Action item: Copy each line below as it stands, but skip any picture it contains.

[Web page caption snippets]
____
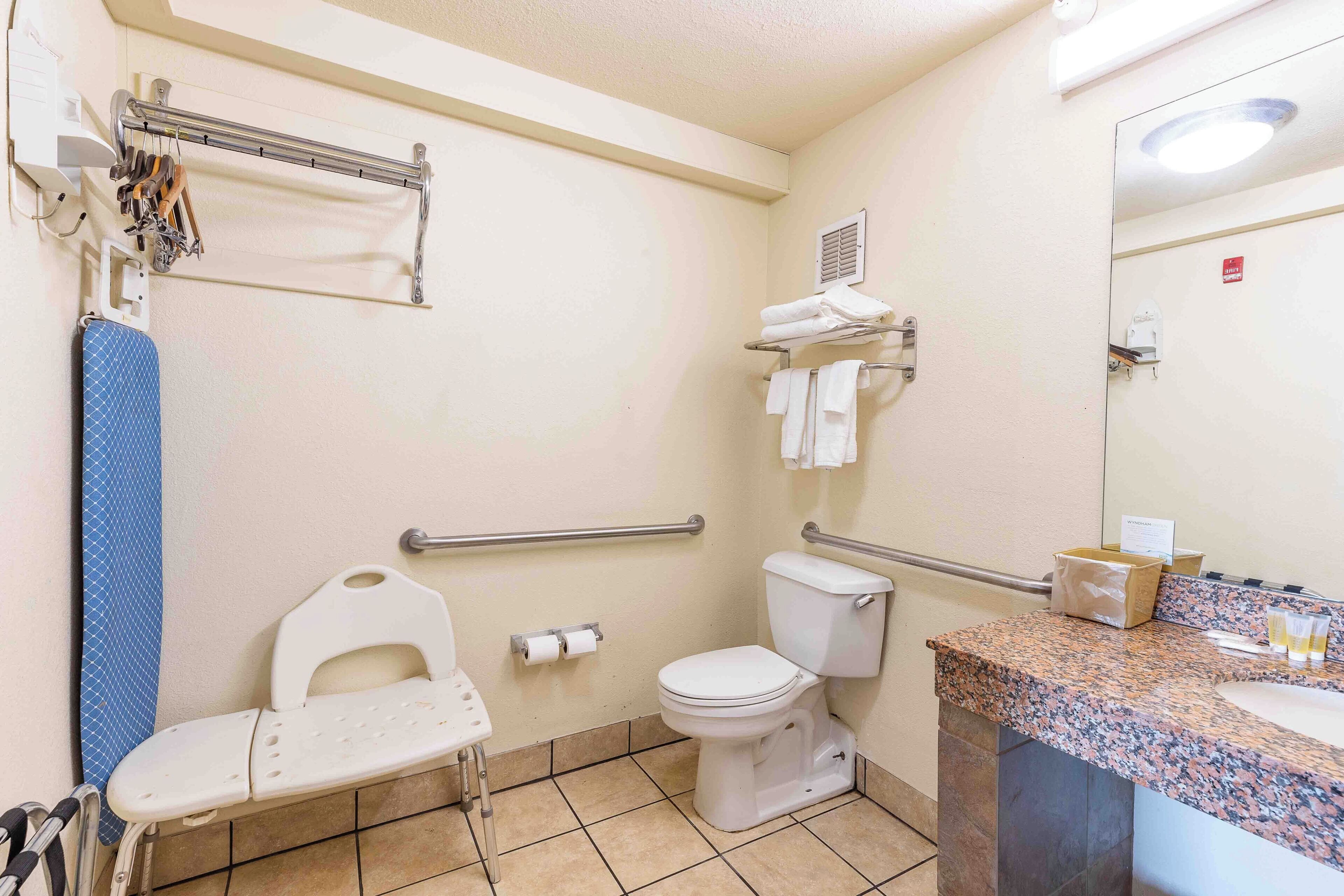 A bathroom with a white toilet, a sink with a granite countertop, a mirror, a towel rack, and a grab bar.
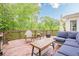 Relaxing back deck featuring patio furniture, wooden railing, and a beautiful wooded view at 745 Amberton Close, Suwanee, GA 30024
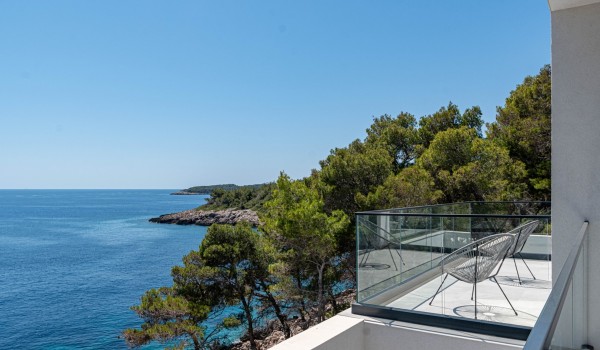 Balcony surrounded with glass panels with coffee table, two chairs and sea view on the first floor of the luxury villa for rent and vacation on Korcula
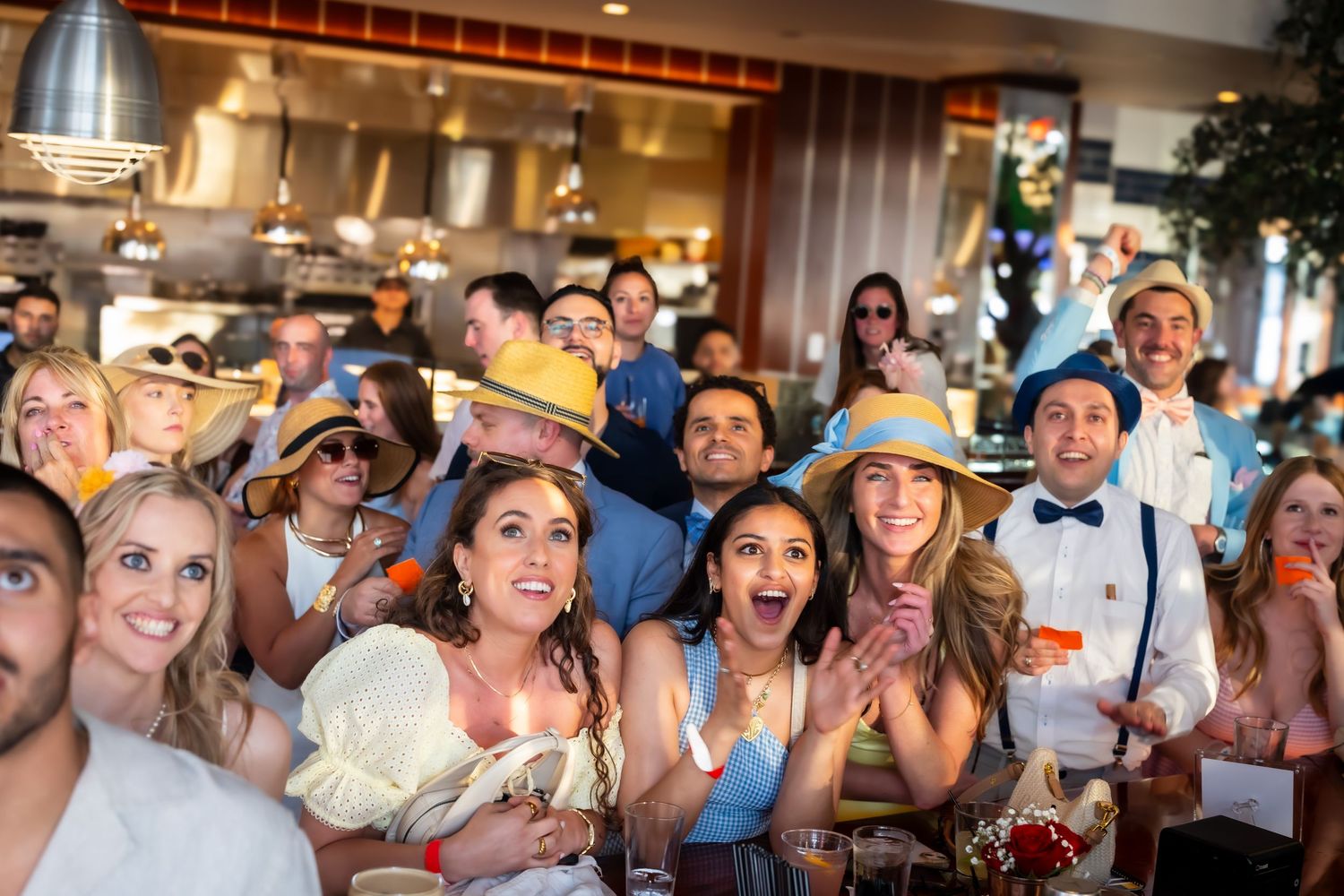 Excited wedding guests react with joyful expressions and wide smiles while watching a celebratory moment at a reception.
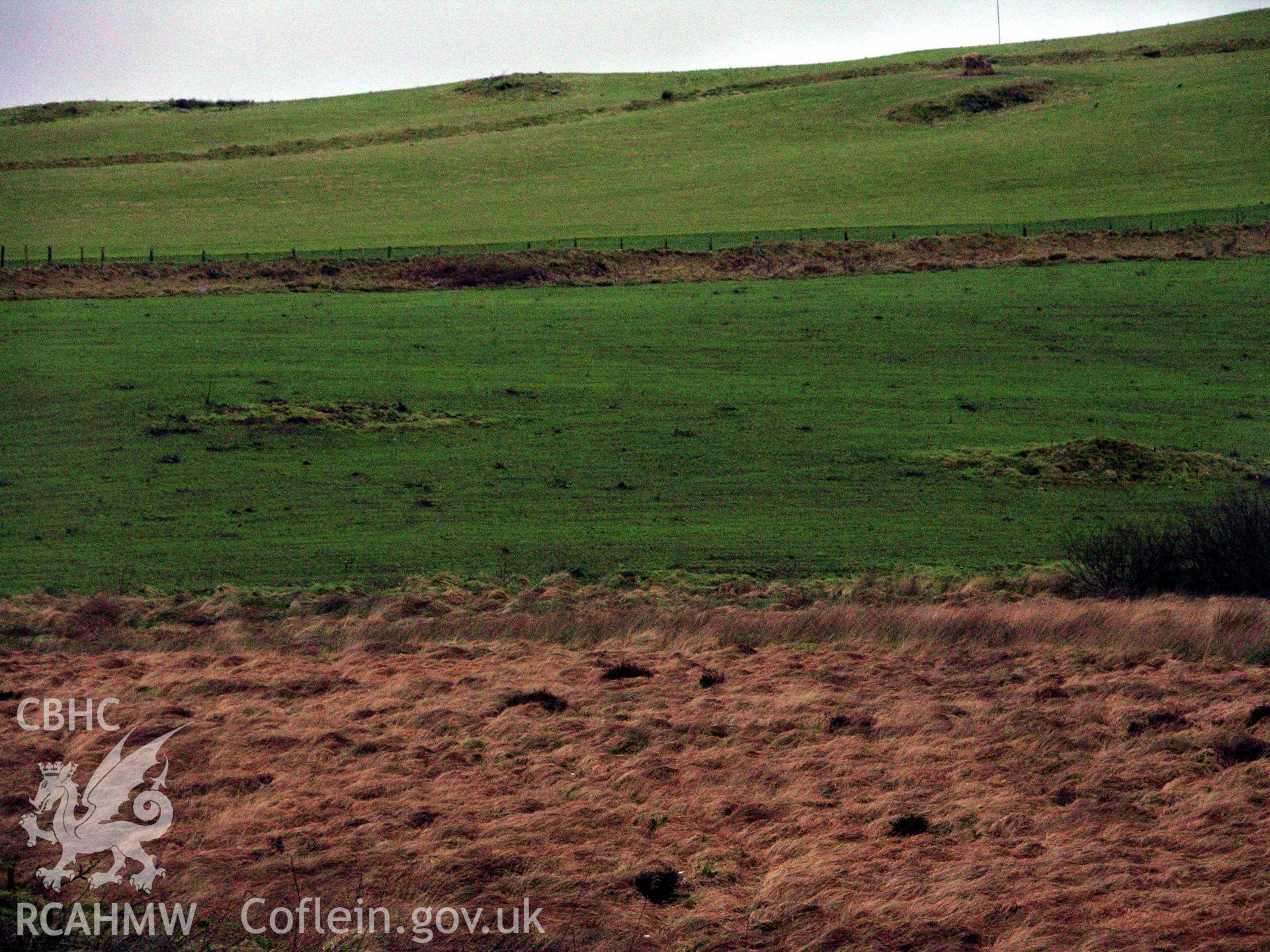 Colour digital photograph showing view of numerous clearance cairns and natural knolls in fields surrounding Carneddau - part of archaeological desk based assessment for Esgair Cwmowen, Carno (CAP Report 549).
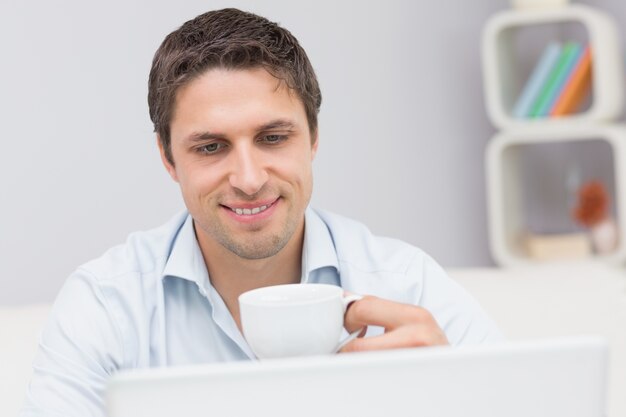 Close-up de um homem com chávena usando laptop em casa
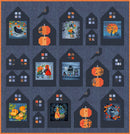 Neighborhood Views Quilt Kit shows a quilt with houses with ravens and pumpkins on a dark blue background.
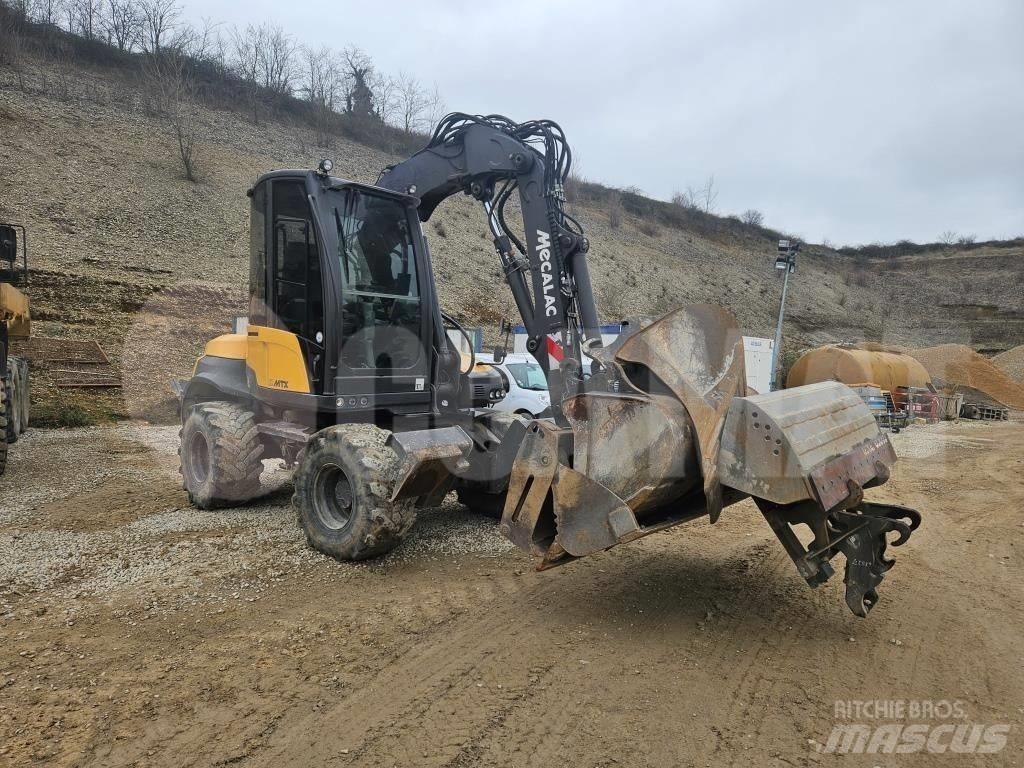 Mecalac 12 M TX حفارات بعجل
____
Answer for the task:
 A bathroom with a white toilet, a sink with a granite countertop, a mirror, a towel rack, and a grab bar.
 Relaxing back deck featuring patio furniture, wooden railing, and a beautiful wooded view at 745 Amberton Close, Suwanee, GA 30024
 Balcony surrounded with glass panels with coffee table, two chairs and sea view on the first floor of the luxury villa for rent and vacation on Korcula
 Excited wedding guests react with joyful expressions and wide smiles while watching a celebratory moment at a reception.
 Colour digital photograph showing view of numerous clearance cairns and natural knolls in fields surrounding Carneddau - part of archaeological desk based assessment for Esgair Cwmowen, Carno (CAP Report 549).
 Close-up de um homem com chávena usando laptop em casa
 Neighborhood Views Quilt Kit shows a quilt with houses with ravens and pumpkins on a dark blue background.
 Mecalac 12 M TX حفارات بعجل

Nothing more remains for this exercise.